__Directions__.
Once the line with "Regarding license tiers, they" is found in the data, output it and each following line exactly, up to and including the line with "And then finally", and nothing before or after.

__Records for the exercise__.
++++

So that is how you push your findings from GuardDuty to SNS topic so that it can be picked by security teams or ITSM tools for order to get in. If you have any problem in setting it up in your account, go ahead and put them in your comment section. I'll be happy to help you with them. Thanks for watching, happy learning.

++++

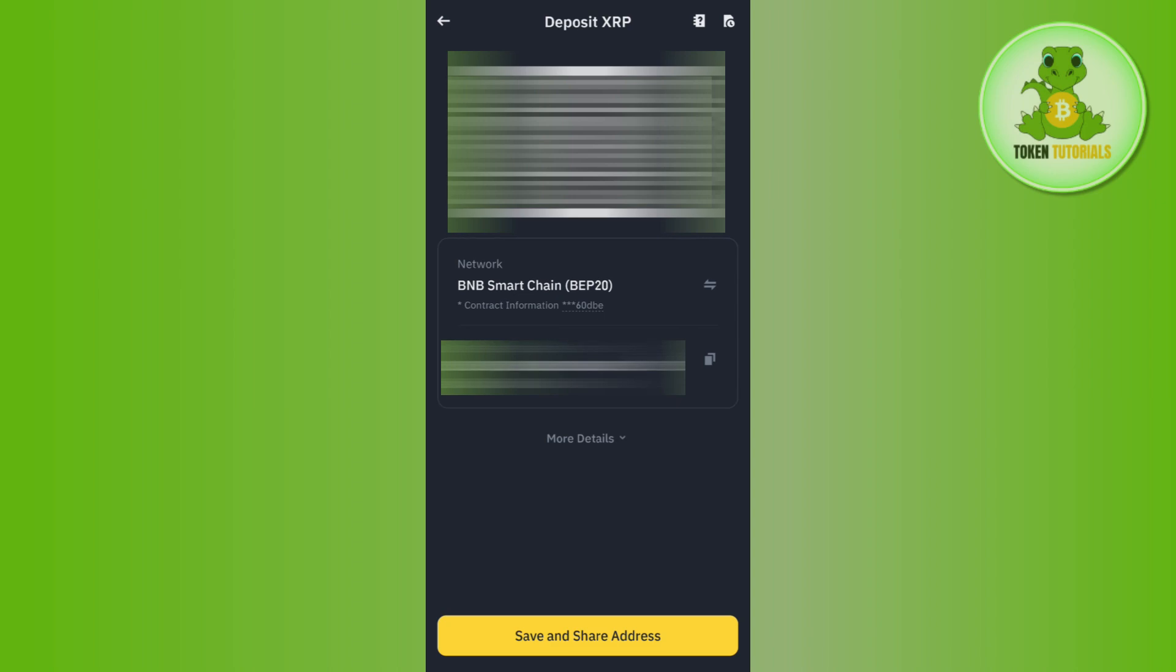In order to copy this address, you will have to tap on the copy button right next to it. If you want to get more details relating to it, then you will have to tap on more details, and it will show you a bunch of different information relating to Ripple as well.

++++

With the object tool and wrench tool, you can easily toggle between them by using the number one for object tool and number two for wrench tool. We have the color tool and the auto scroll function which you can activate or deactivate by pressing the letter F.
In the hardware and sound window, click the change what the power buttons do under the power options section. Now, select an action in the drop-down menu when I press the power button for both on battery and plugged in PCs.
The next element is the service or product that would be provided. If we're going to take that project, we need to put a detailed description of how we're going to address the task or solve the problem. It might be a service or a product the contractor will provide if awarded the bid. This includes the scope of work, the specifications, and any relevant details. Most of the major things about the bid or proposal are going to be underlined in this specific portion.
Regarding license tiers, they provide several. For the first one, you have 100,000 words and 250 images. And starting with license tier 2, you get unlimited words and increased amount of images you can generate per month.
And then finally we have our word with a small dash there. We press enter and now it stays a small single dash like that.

++++

__Answer below__.
Regarding license tiers, they provide several. For the first one, you have 100,000 words and 250 images. And starting with license tier 2, you get unlimited words and increased amount of images you can generate per month.
And then finally we have our word with a small dash there. We press enter and now it stays a small single dash like that.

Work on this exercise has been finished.